How much suffering would you let someone you love to endure before saying that death is preferable?
What makes life meaningful enough to go on living?

It pierced through the core of my heart.

What was the best way to keep him alive? Should we accept that death is around the corner? Should we keep trying? Should we put him in pain in exchange for extra time?

It was a very real struggle that my family went through.

How do we ever learn to get ready to die, or to accept death?

It hurts, because there’s love. It hurts, because I think I could be more. It hurts, because I wish for a different closure that I’ll never get.

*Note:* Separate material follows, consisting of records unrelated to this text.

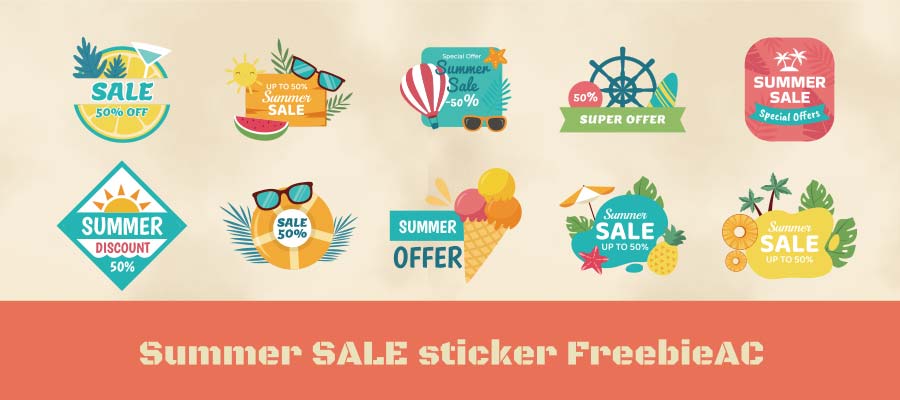 Summer sale sticker illustration collection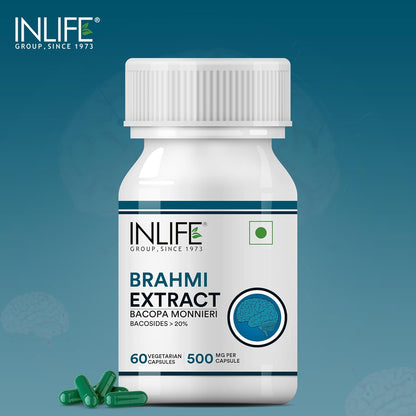 INLIFE Brahmi Capsules 500mg | Bacopa Monnieri Extract | Bacosides > 20% I Ayurvedic Herbal Supplement - 60 Vegetarian Capsules (Pack of 1)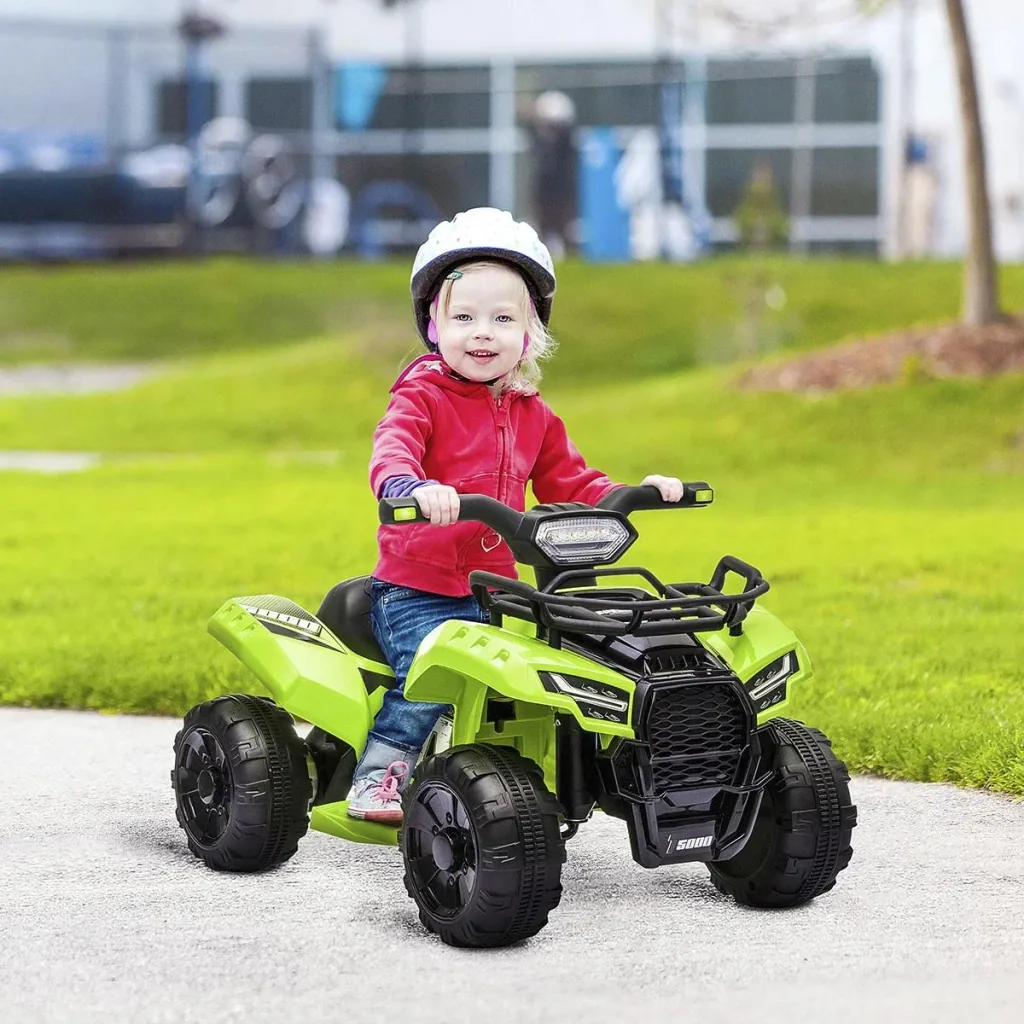 Quad ATV Kinderauto Kinderwagen 6V Akku Elektroauto LED Frontlicht Kinderfahrzeug Kindermotorrad Elektroquad für 18-36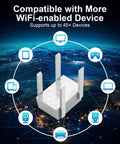 WiFi Extender Signal Booster for Home, Dual Band 2.4GHz and 5.8GHz, Covers Up to 10200 Sq Ft, shown supporting multiple devices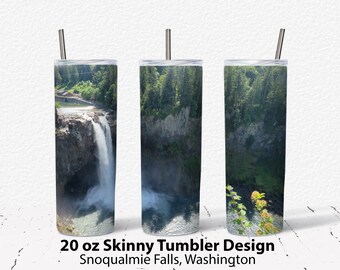 Sublimation tumbler png design - 20 oz skinny tumbler sublimation design, tumbler png, sublimation, skinny tumbler png - Snoqualmie Falls Wa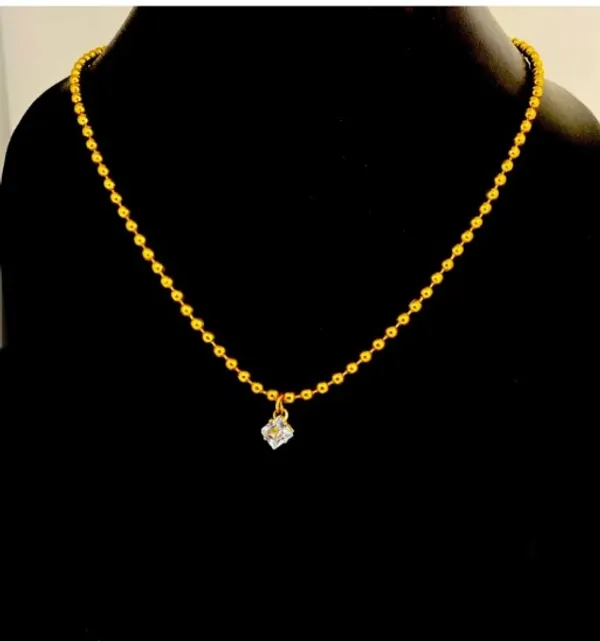 Nj's_Ad_pendant_gold_with_beads_gold_plated_chain_gold_plated_moissanite_metal,_Brass_pendant_set_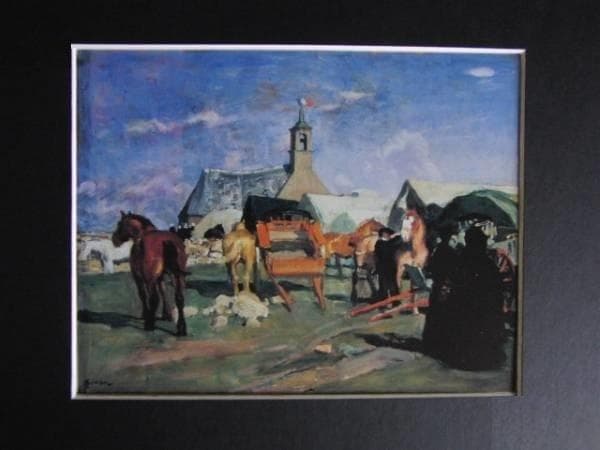 リュシアン・シモン、立ち寄り場、希少な額装用画集より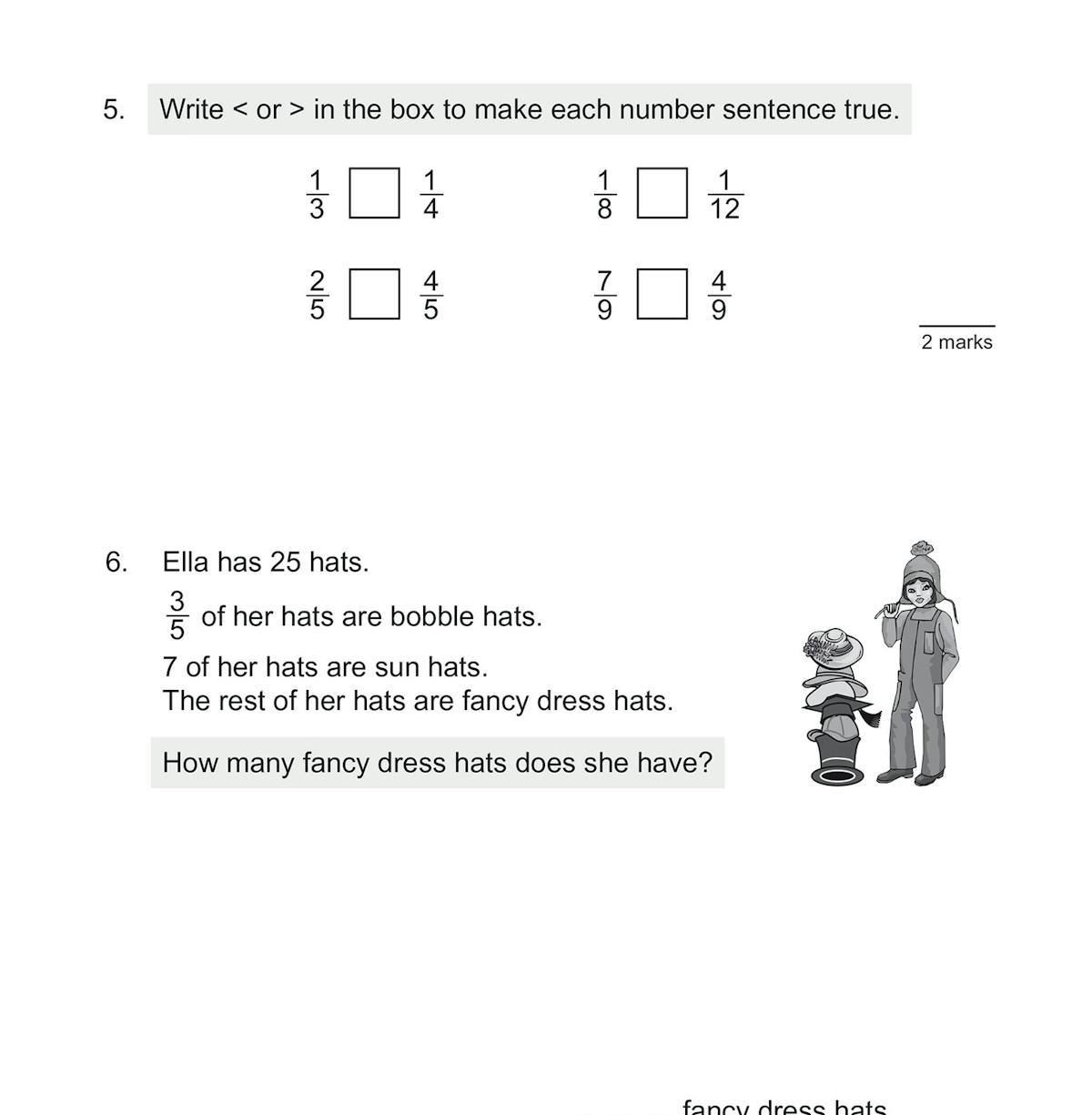 Sample test page showing warm-up questions and fraction calculations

Paul wrote a stunning book because of his radical honesty. It’s a truthful account of a dying man questioning his own existence and trying to make sense of it all.

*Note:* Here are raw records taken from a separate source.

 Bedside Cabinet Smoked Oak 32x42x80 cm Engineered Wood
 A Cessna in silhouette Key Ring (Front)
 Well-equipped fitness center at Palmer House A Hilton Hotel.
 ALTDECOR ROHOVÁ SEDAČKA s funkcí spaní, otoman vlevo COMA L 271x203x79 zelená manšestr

I found emotional escape knowing that even a neurosurgeon hadn’t got it figured out. I savoured the finesse of his words and emotions in finding meaning at the juncture of life and death.

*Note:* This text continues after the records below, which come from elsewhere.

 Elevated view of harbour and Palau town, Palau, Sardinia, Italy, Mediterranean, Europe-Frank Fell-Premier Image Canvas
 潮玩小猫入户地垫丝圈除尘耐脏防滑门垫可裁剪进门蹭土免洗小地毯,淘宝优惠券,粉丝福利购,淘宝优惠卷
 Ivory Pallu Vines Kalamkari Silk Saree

I got to know death like a friend – just as it is, like life.

It is dark but we need not be scared; it is sad but we can fill it with love. It is part of us.

Paul said not knowing how long he had distorted his ability to decide the most sensible move in life.

He would go very different directions knowing that he had 3 months, 3 years or 10 years left.

What is the fullest of life that we are all striving for?

It brought me to the deepest part of myself, reflecting upon my own existence, and the choices I’ve made.

Am I treating life with love and honour? Letting it be free without resistance? Am I finding joy in things I do?

Paul’s documentation of a finite life reminds me of the power of words, the power of life, the power to follow my heart, to open my heart, to receive what universe has to give.

‘You can’t ever reach perfection, but you can believe in an asymptote toward which you are ceaselessly striving.’

Who can I be? Who will I be?

That’s the quest in each breath – to define a life well lived, to explore, to struggle, to breakthrough, to gain, to lose, and to start over again.